Your instructions → Please take the lines from the one holding "new 2025 INFINITI" through the one holding "Продажа на аукционе" in the data below and copy them exactly.

Available records →

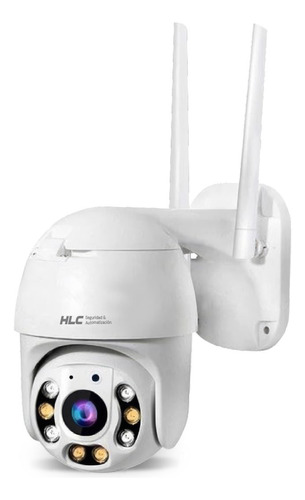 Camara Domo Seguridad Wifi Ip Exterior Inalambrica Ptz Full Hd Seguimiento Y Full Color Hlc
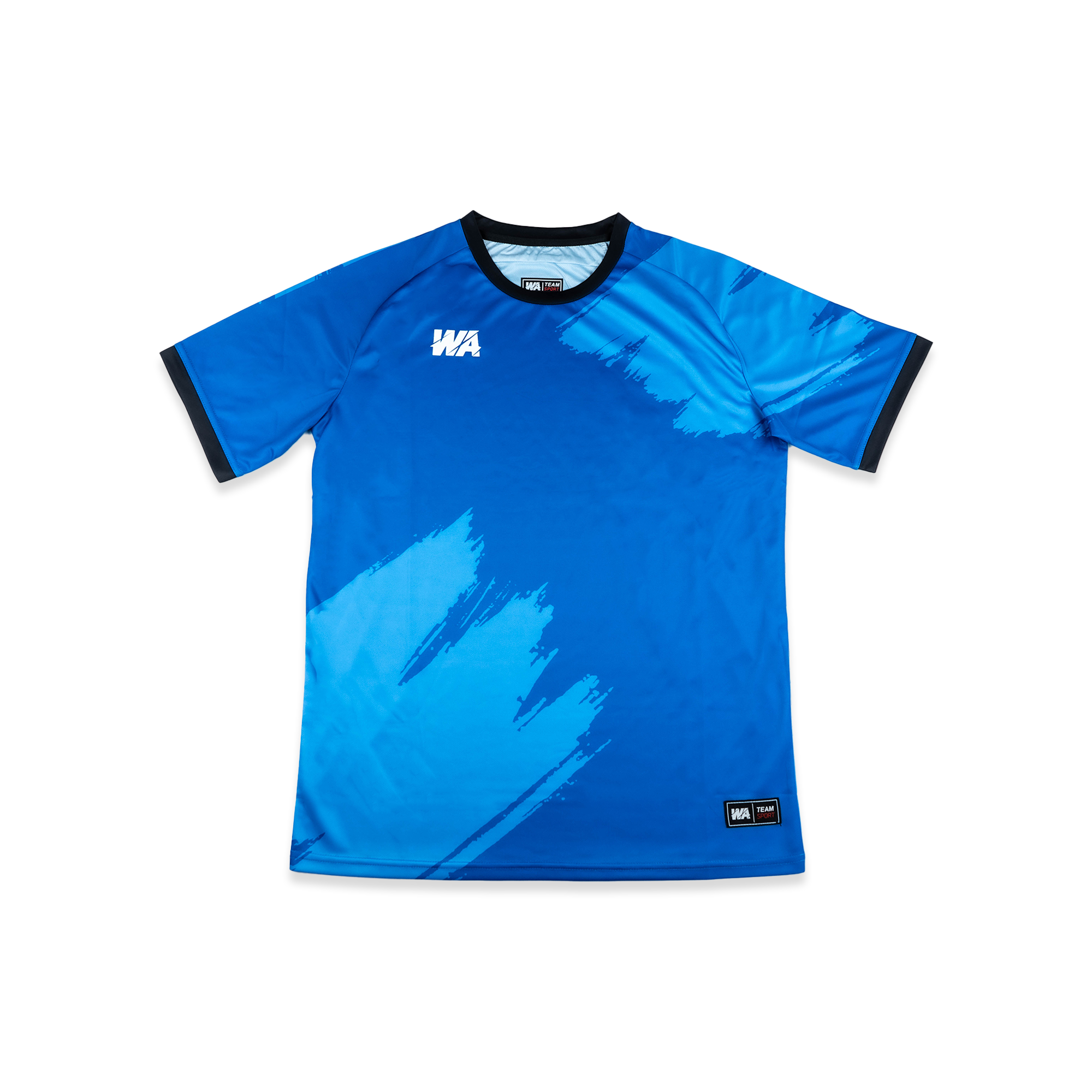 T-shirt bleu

==

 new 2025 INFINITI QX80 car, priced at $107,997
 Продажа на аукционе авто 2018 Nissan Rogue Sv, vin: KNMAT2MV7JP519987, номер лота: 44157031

Written answer →
 new 2025 INFINITI QX80 car, priced at $107,997
 Продажа на аукционе авто 2018 Nissan Rogue Sv, vin: KNMAT2MV7JP519987, номер лота: 44157031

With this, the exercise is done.